From Table B-3 (including bosses), ‘all-jobs’ earnings y/y in March 2021 were +4.2% hourly and +6.7% weekly. For construction workers, as a subset of ‘all jobs’, the pay hikes were less spectacular, +2.5% hourly and +3.8% weekly. From Table B-8 (excluding supervisors), ‘all jobs’ compensation increases in the latest month were +4.4% hourly and +7.2% weekly. Again, construction workers, at +2.4% hourly and +4.0% weekly, weren’t in the vanguard.
Graph 8


Graph 9

Building Material Costs have been Skyrocketing
March 2021’s y/y results for three structures-related BLS Producer Price Index (PPI) series were as follows: ‘construction materials special index’, +16.6% (a significant step up from February’s already eye-catching +12.4%); ‘inputs to new construction index, excluding capital investment, labor and imports’, +13.5% (a further acceleration from February’s +10.0%); and ‘final demand construction’, +1.5% (higher than the previous month’s +1.0%, but still restrained). Material input costs have been soaring, but contractors have not been raising their bid prices in like fashion. In the interest of winning work, they’ve largely been ‘eating’ their extra expenses.
What are some of the major material cost climbs that have been occurring? On a y/y basis, according to latest PPI results, softwood lumber is +83.4%; unleaded regular gasoline, +57.0%; copper wire and cable, +26.7%; and hot rolled steel bars, plates and structural shapes, +20.3%. Quieter on the cost front, or at least recording single-digit y/y percentage increases, have been asphalt, +9.0%; aluminum sheet and strip, +5.7%; gypsum products, +6.2%; and cement, +3.4%.
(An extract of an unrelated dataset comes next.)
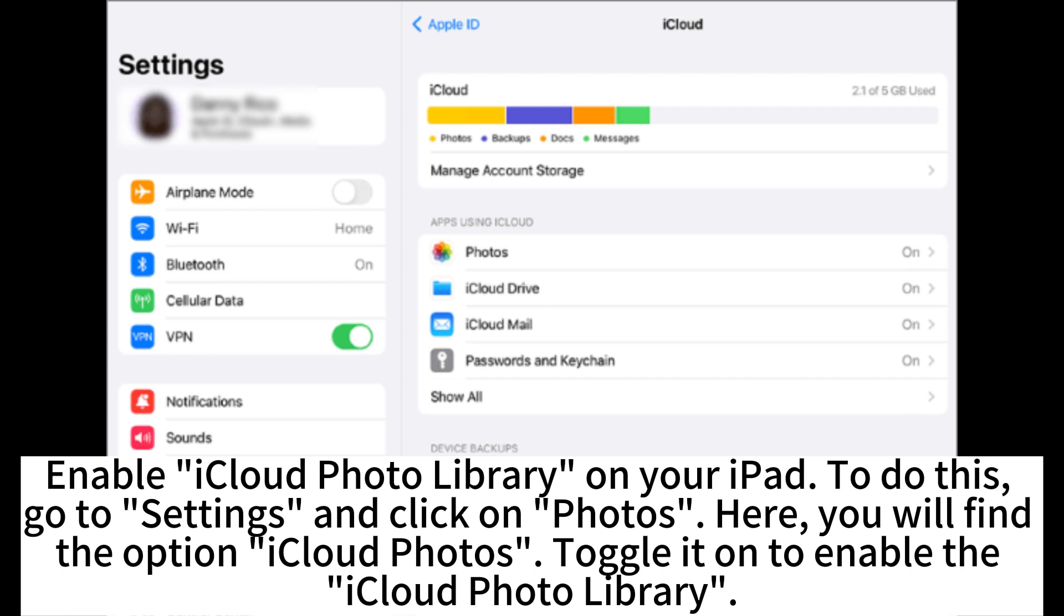Enable iCloud Photo Library on your iPad. To do this, go to Settings and click on Photos. Here, you will find the option iCloud Photos. Toggle it on to enable the iCloud Photo Library.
The value of construction starts each month is derived from ConstructConnect’s database of all active construction projects in the U.S. Missing project values are estimated with the help of RSMeans’ building cost models. ConstructConnect’s non-residential construction starts series, because it is comprised of total-value estimates for individual projects, some of which are super-large, has a history of being more volatile than many other leading indicators for the economy.
2021’s Q1 ‘Grand Total’ Starts -12.4% Ytd
From Table 10 on page 10 of this report, ConstructConnect’s total residential starts in March 2021 were +7.4% m/m and +2.3% y/y, but -1.2% ytd. Multi-family starts have languished while singles have taken wing. The latest month’s multi-unit starts were -17.6% m/m, -24.1% y/y and -21.7% ytd. But single-family starts in March 2021 were +17.5% m/m, +13.5% y/y and +7.7% ytd. Including home building with all nonresidential categories, ConstructConnect’s ‘Grand Total’ starts in 2021’s third month were +32.3% m/m, but -3.8% y/y and -12.4% ytd.
ConstructConnect adopts a research-assigned ‘start’ date. In concept, a ‘start’ is equivalent to ground being broken for a project to proceed. If work is abandoned or re-bid, the ‘start’ date is revised to reflect the new information.
Expansion Index Monitors Construction Prospects
The economy may be in recovery mode, but nonresidential work is usually a lagging player. Companies are hesitant to undertake capital spending until their personnel needs are rapidly expanding and their office square footage or plant footprints are straining capacity. Also, it helps if profits are abundant. (Today’s greater tendency to work from home has made office occupancy much more difficult to assess.)
Each month, ConstructConnect publishes information on upcoming construction projects at its Expansion Index web location, to be found by clicking on this link, https://www.constructconnect.com/expansion-index
The Expansion Index, for hundreds of cities in the U.S. and Canada, calculates the ratio, based on dollar volume, of projects in the planning stage, at present, divided by the comparable figure a year ago. The ratio moves above 1.0 when there is currently a larger dollar volume of construction ‘prospects’ than there was last year at the same time. The ratio sinks below 1.0 when the opposite is the case. The results are set out in interactive maps for both countries.